Probability density of sum of random variables from inversion formula

density functionprobability distributionsprobability theory

Let $X, Y$ be two independent random variables on $(\mathbb{R}, \mathcal{B}(\mathbb{R}))$ with densities $f_X (x) = \frac{1}{2} e^{-|x|}$ (double exponential) and $f_Y (x) = \frac{1}{\pi(1+x^2)}$ (Cauchy).

Let $Z=X+Y$. Thus, we know that the density of $Z$ is the convolution of the densities:
$$f_Z(x) = \int_{-\infty}^{\infty} f_X(x-y)f_Y(y) dy = \int_{-\infty}^{\infty} \frac{e^{-|x-y|}}{2 \pi (1+y^2)} dy \tag{1}$$

My problem is: if I try to get the same density using the characteristic functions of $X$ and $Y$ then I get a different result. Indeed:
$$\varphi_X(t) = \frac{1}{1+t^2}$$
$$\varphi_Y(t) = e^{-|t|}$$
$$\varphi_Z(t) = \varphi_X(t) \varphi_Y(t) = \frac{e^{-|t|}}{1+t^2}$$
We have that $\int_{\mathbb{R}} |\varphi_Z(t)| < \infty$, so we can use the inversion formula i.e.:
$$f_Z(x) = \frac{1}{2\pi} \int_{\mathbb{R}} e^{-ixy} \varphi_Z(y) dy = \frac{1}{2\pi} \int_{\mathbb{R}} e^{-ixy} \frac{e^{-|y|}}{1+y^2} dy \tag{2}$$

What went wrong? Why is $(1)$ different from $(2)$?

Best Answer

I found out that there was no problem: the two integrals are the same. In particular, $$g(x)=\frac{1}{2 \pi} \int_{\mathbb{R}} e^{-ixy}\frac{e^{-|y|}}{1+y^2}dy = \frac{1}{2 \pi} \int_{\mathbb{R}} \cos(xy) \frac{e^{-|y|}}{1+y^2}dy$$ by symmetry, and it happens to be equal to $$f(x)=\frac{1}{2 \pi} \int_{\mathbb{R}} \frac{e^{-|x-y|}}{1+y^2}dy$$ The two integrals are not trivial to compute, but Mathematica helped me: evaluating the integrals numerically with the code

f[x] := NIntegrate[Exp[-Abs[x - y]]/(1 + y^2), {y, -Infinity, Infinity}];
g[x] := NIntegrate[Cos[x*y]*Exp[-Abs[y]]/(1 + y^2), {y, -Infinity, Infinity}];
Plot[f[x], {x, -20, 20}, PlotStyle -> Green, PlotRange -> {{-20, 20}, {0, 1.5}}]
Plot[g[x], {x, -20, 20}, PlotRange -> {{-20, 20}, {0, 1.5}}]
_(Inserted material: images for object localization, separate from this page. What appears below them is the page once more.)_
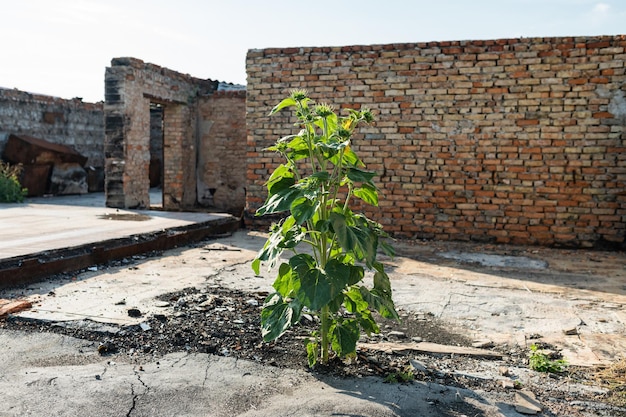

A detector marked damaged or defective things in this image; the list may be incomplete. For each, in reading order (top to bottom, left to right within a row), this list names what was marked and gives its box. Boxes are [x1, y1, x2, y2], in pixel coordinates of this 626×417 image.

damaged wall [103, 57, 245, 213]
damaged wall [246, 35, 624, 247]
cracked concrete floor [1, 229, 624, 414] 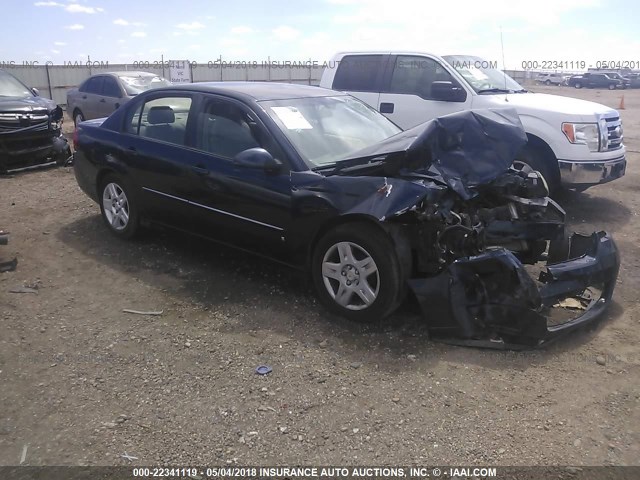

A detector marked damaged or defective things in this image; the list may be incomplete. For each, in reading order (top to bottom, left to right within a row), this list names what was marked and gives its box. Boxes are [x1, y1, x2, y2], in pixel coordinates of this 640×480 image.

severely damaged car [0, 67, 70, 172]
crumpled hood [338, 108, 528, 199]
severely damaged car [72, 83, 616, 348]
destroyed bumper [410, 231, 620, 346] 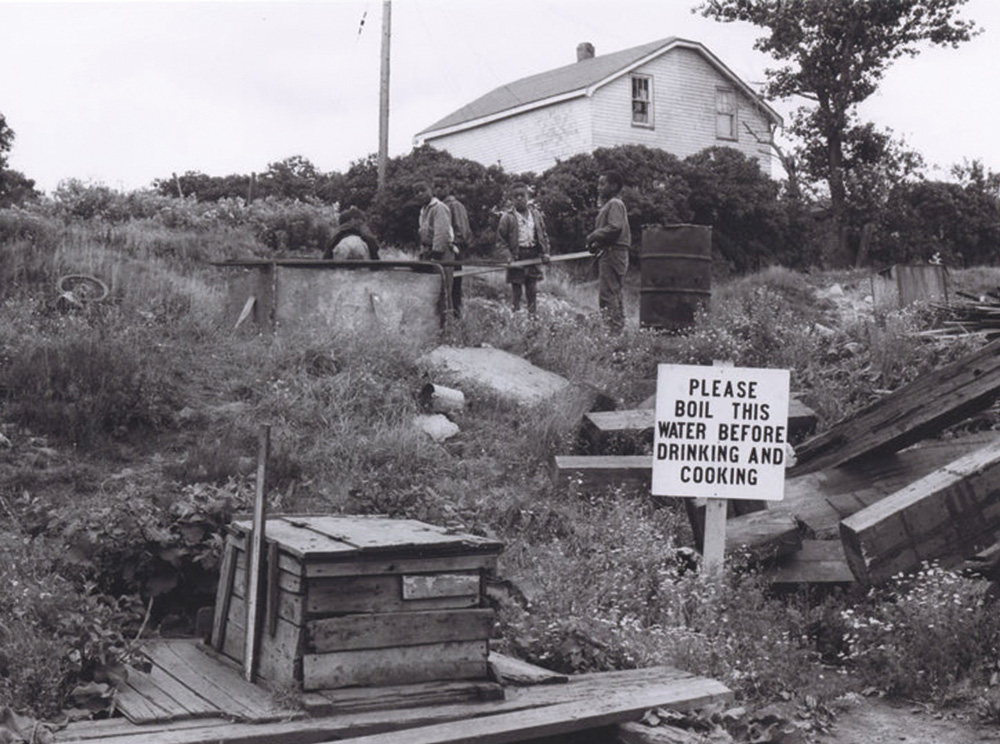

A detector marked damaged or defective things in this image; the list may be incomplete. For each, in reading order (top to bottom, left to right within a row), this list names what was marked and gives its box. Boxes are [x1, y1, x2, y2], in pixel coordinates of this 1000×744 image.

rusted oil drum [640, 222, 712, 330] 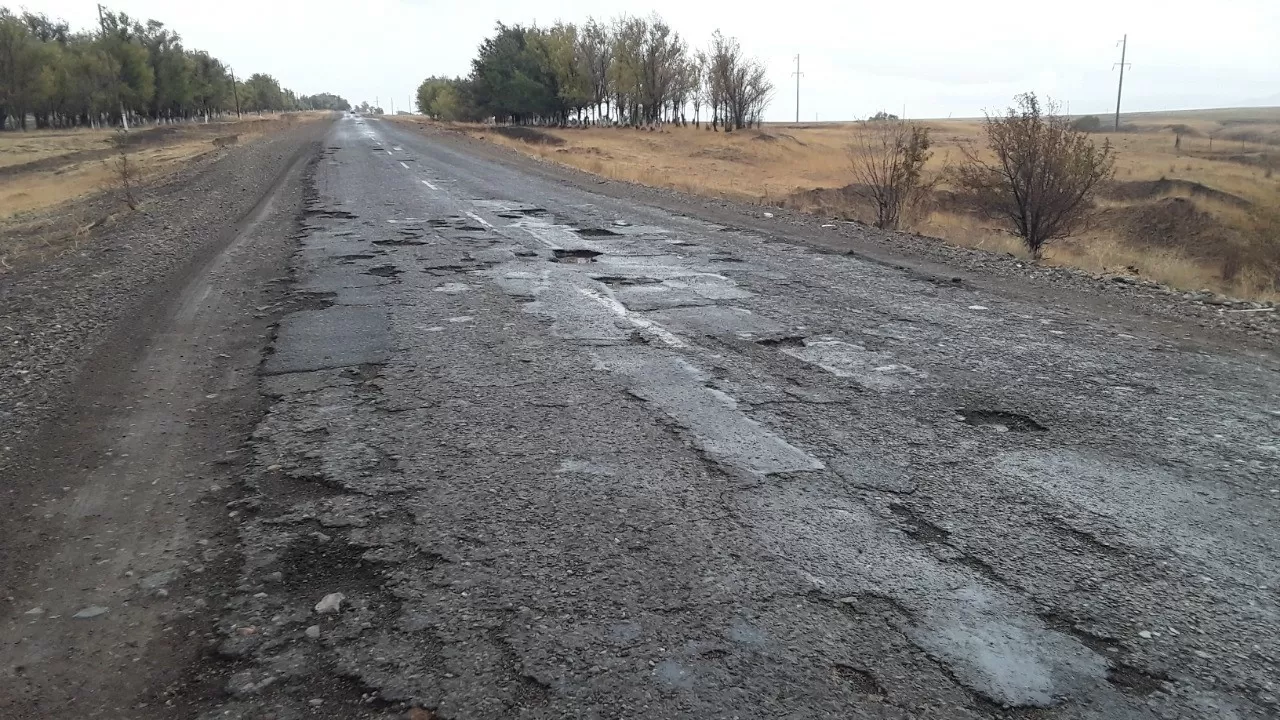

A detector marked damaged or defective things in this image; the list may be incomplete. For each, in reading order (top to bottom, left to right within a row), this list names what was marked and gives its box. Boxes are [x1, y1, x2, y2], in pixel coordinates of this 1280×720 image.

cracked pavement [205, 115, 1272, 716] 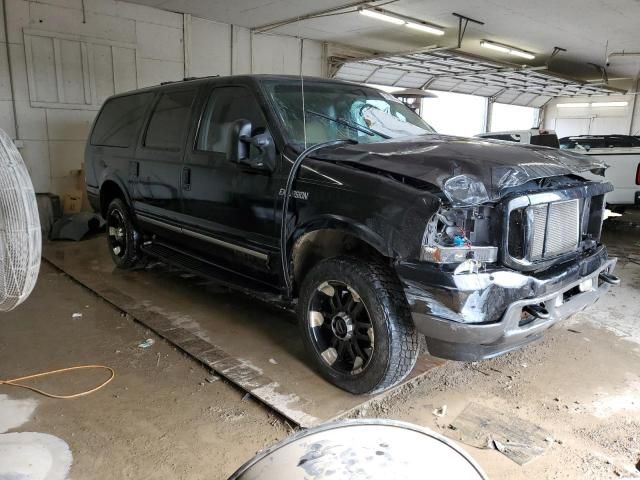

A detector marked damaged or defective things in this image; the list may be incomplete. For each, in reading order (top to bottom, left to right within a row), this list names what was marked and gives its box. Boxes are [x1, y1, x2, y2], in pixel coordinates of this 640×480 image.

damaged front end [396, 175, 620, 360]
We get the plot of $f(x)$:

f(x)

and the plot of $g(x)$:

enter image description here

Also evaluating at random values we get the same value, for instance: $$f(1)=g(1)=0.958821$$ up to Mathematica precision.

This is not what I expected but I suppose it is an original way to check that these two integrals are the same!